Under Hughes, Blackburn qualified for Europe through their League position and they should have reached the FA Cup Final in 2007, but Morten-Gamst Pederson’s near post miss after a fine move was eventually punished in extra-time of a semi-final by Chelsea. Hughes also made some astute signings, bringing in Christopher Samba, Benni McCarthy, Roque Santa Cruz and Ryan Nelson for relative value. And Hughes’ business when joining Rangers during the January transfer window also looked good on paper – with Bobby Zamora, a goalscorer whose all-round play improved at Fulham, and Taye Taiwo, a player who looked like he could dictate games from left back in the Champions League for Marseille before joining the legion of wasted full-backs Milan tend to collect, both stand out signings.

But it hasn’t happened for Hughes or QPR. Not so long ago he was considered a potential replacement for Ferguson, and has been linked with Chelsea and Tottenham for a while. His departure from Fulham last summer suggested he was being lined up for something else, but as his agent is Kia Joorabchian, it is entirely possible he may have just made the wrong move.

Last night on Match of the Day 2, Steve Bruce, who himself has had a managerial career that has shown he has never let fear of change get in the way of his ambition, pointed out that the unforgiving nature of football coverage at the highest level means a sacking, as well as a man losing his job and main source of income, is also a public spectacle where his work is branded a failure. It is fair to say the financial rewards at the highest level, beyond the dreams of 99% of society at a time of prolonged high unemployment, should more than compensate for any personal disappointment, but Bruce’s wider point is that a Manager’s reputation, and therefore ability to be given another chance, also suffer.

What Clubs and Managers need are strong Boards who will back their Managers if they believe they are part of a longer term solution.

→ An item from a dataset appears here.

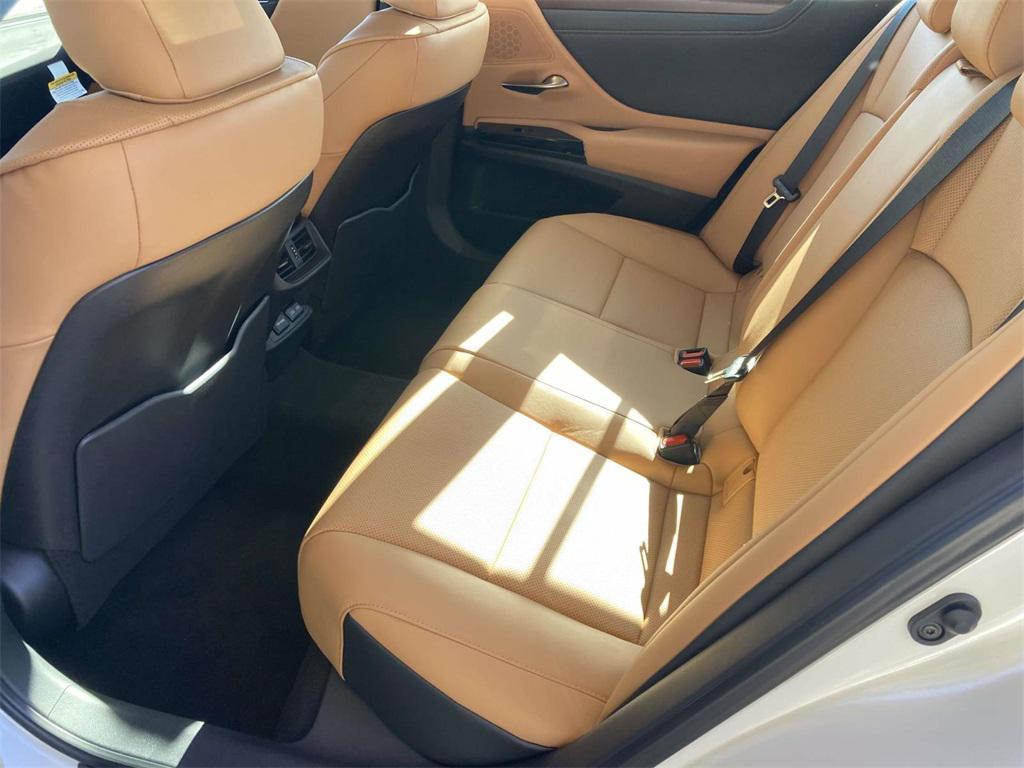 new 2025 Lexus ES 350 car, priced at $50,405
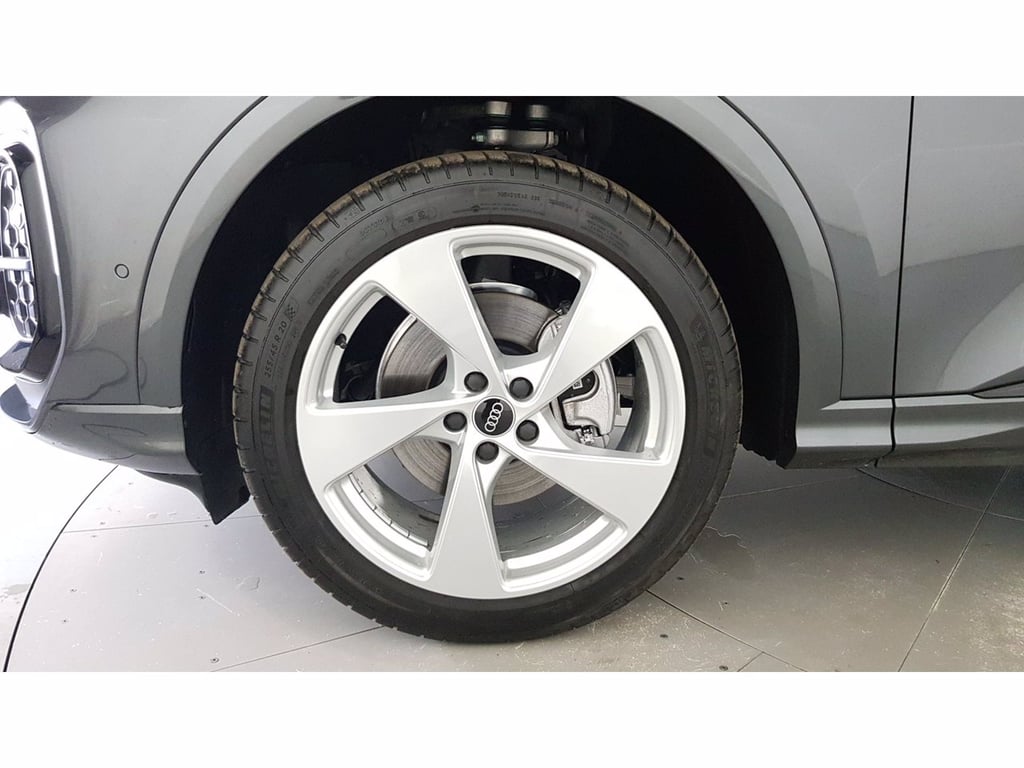 AUDI Q5 2.0 tfsi mhev+ business 204cv s-tronic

Where Managers have a record of walking out on jobs in the past, their appointment is likely to be for the primary reason of short-term impact. Bruce did prove otherwise though, when he stayed as part of a longer-term project at Birmingham and achieved relative success. The words from both parties when he was appointed indicated that was also the plan for Hughes and QPR, with targets of not just survival this season, but European football in seasons to come. Meanwhile Managers that are currently employed in the Premier League and have had a record of loyalty, including Alan Pardew and Roberto Martinez, suggest they are there because of Chairmen that have a plan.

Whether QPR get relegated or not, Hughes still has a lot of good attributes as a Manager. But at the moment he seems out of the running for any of the top jobs his agent said he wanted when he left Fulham, and may well come up in the summer. Had he sat the year out, like a player who is sometimes lucky to miss a bad performance through injury, his stock may have been higher. But QPR is his project now, and he needs to see it through, and prove he is not just the short-term answer.